WORK INSTRUCTION:
Print, exactly as they stand, the lines below from the one that has "2019 Chrysler Pacifica Limited's photo" to the one that has "洪水橋換地項目工友拉橫額追債:元朗私人地盤拖欠工資逾百萬引關注 洪水橋換地項目工友拉橫額追債:元朗私人地盤拖欠工資逾百萬引關注", inclusive, leaving out the pictures.

ENTRIES PROVIDED:

>>>

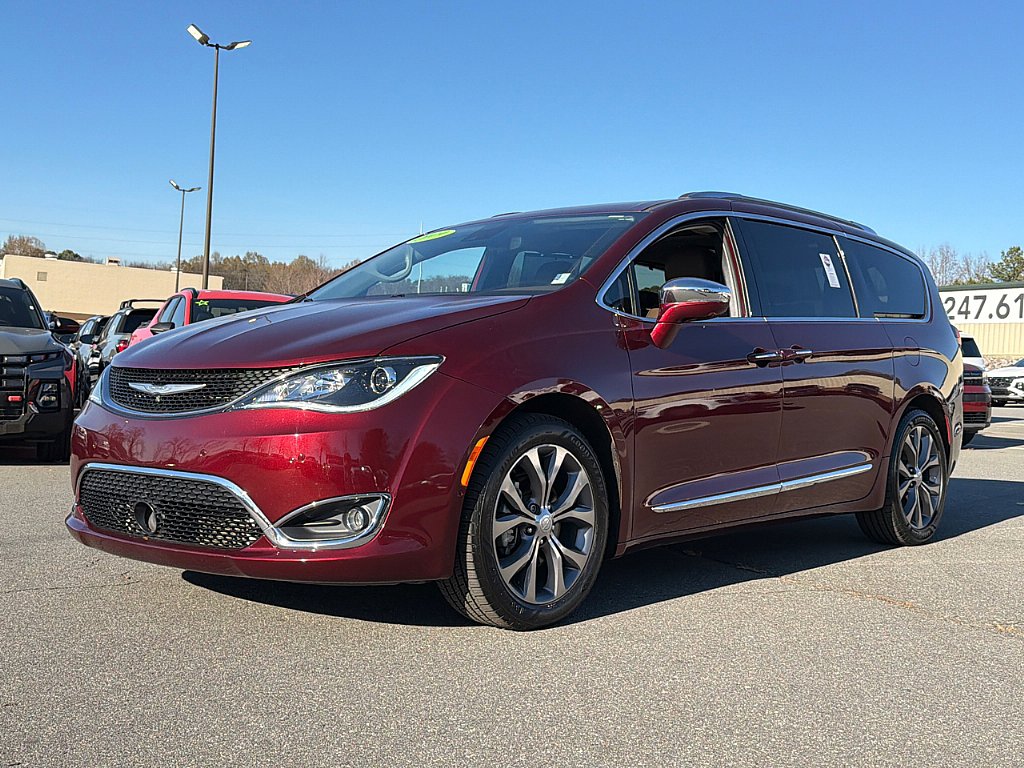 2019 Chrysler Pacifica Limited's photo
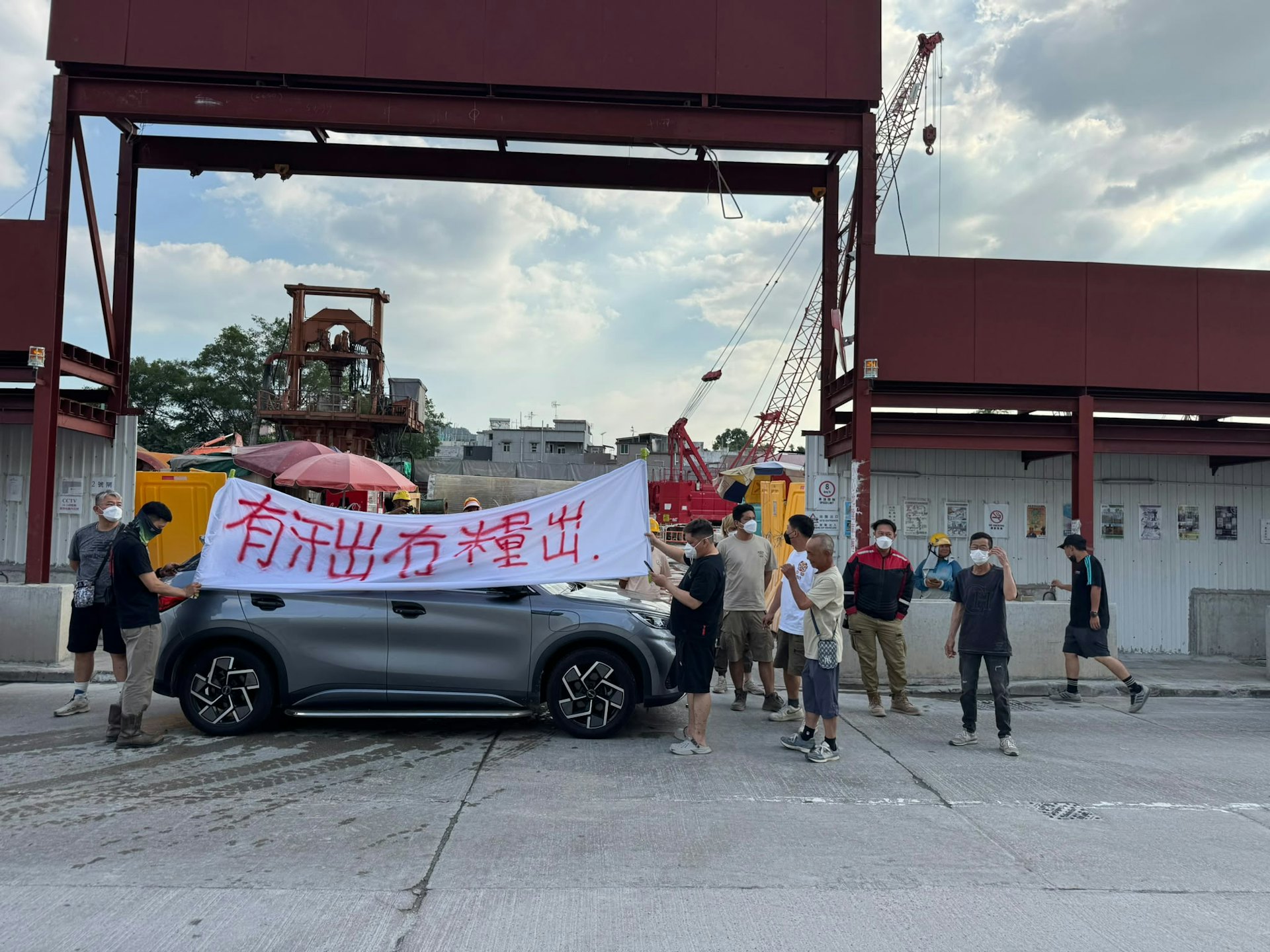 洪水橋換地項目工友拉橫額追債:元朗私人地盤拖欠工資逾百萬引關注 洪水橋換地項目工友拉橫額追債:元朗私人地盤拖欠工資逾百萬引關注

<<<
>>>

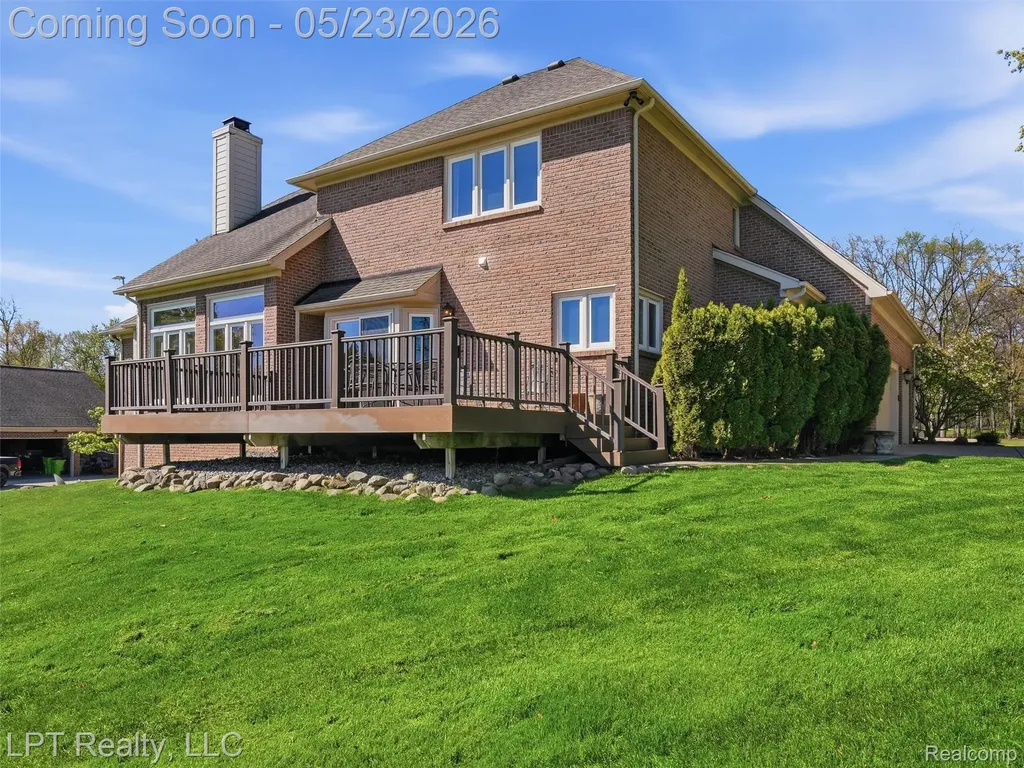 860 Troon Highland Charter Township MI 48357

<<<

RESULT:
 2019 Chrysler Pacifica Limited's photo
 洪水橋換地項目工友拉橫額追債:元朗私人地盤拖欠工資逾百萬引關注 洪水橋換地項目工友拉橫額追債:元朗私人地盤拖欠工資逾百萬引關注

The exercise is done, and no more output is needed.